Domenico Bartoli (3 March 1912 - 9 July 1989) was an Italian journalist and essayist. In 1960 he became the director of Il Resto del Carlino, a Bologna-based mass-circulation daily newspaper, remaining in the position for ten years.[1] [2]
Bartoli was born at Turin. His journalistic career started in 1933 when he joined the Corriere della Sera.[3] The next year the papers sent him to report from China. Then, "due to the complication of the political situation" he was replaced in China, after a brief hiatus, by Luigi Barzini Jr. Instead Bartoli was now sent to report on the Italo-Abyssinian War. After the conclusion of that war, he worked as a war correspondent on a succession of assignments, notably in central Africa, till 1943.[3] Perhaps his greatest scoop concerned a domestic matter, however. On 24 July 1943, the Grand Council met in the anteroom of Mussolini's office in the Palazzo Venezia. For the first time in the history of the Grand Council, neither the leader's "musketeers", nor any detachment of the "M" battalions were present. Mussolini did not want a stenographer, so no minutes were taken.[4] A remarkably detailed report of the momentous meeting, which had ended in Mussolini's removal from power, was nevertheless made public on the front page of the Corriere della Sera a few days later. The name at the foot of the report was that of Domenico Bartoli. It later became clear that Bartoli had for many years enjoyed access to high level contacts among the monarchist and military elements in the Italian establishment, and he must have used these to prepare his report. Commentators were not all slow to point out the irony that a journalist who for twenty years been trusted by senior movers and shakers of fascist Italy was now the first to report the leader's downfall.[2]

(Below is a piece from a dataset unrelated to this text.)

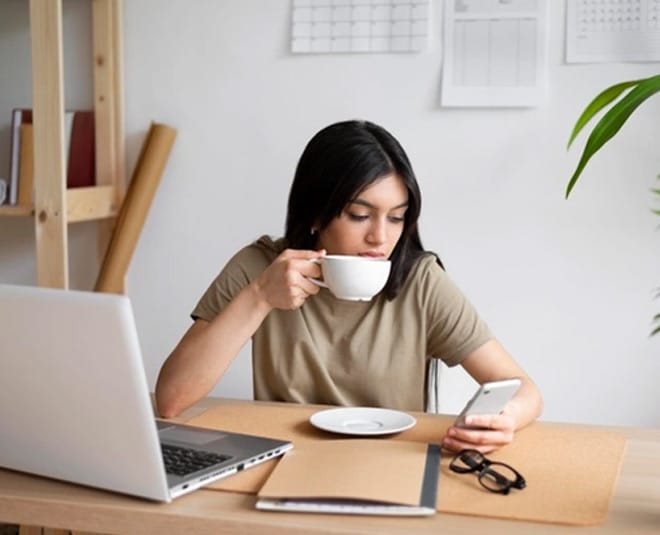 वर्क-फ्रॉम-होम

Following the Fall of the Fascist regime, 1943, Domenico Bartoli was a co-founder with Mario Pannunzio (and others) of a new Rome-based daily newspaper, the Risorgimento Liberale.[1] [5] The early years were difficult: after the events of 8 September 1943, which ushered in a partition of Italy, it became necessary to print the paper clandestinely. Only after allied troops liberated Rome on 4 June 1944 did regular daily publication resume.[6] Still with the Corriere, between 1951 and 1956 he was based in London as the paper's correspondent there. One outcome of his lengthy stay in the English capital was a long thoughtful essay about the country, informed by a certain liberal perspective: "L'Inghilterra senza impero" ("England without the empire").[1] He then switch to the Turin-based national daily newspaper, La Stampa, reporting till 1960 from Paris. His next journalistic posting was to Bologna where, in succession to Giovanni Spadolini he worked as editor-in-chief at Il Resto del Carlino, another venerable daily newspaper of the Italian centre-right.[1] During his time in charge the designer Giuseppe Trevisani was employed to provide a completely new look for the newspaper in order to make it suitable for publication using a modern offset printing system.[7]
While Enzo Biagi took over control at the Resto del Carlino, in 1970 Bartoli was appointed editor-director at La Nazione in succession to Enrico Mattei, remaining in post for slightly under 7 years.[1] During this period he also wrote regularly for the mass-circulation weekly magazine Epoca, in which his contributions appeared in a column headed "L'Italia allo specchio" (loosely, "Mirror on Italy").[1]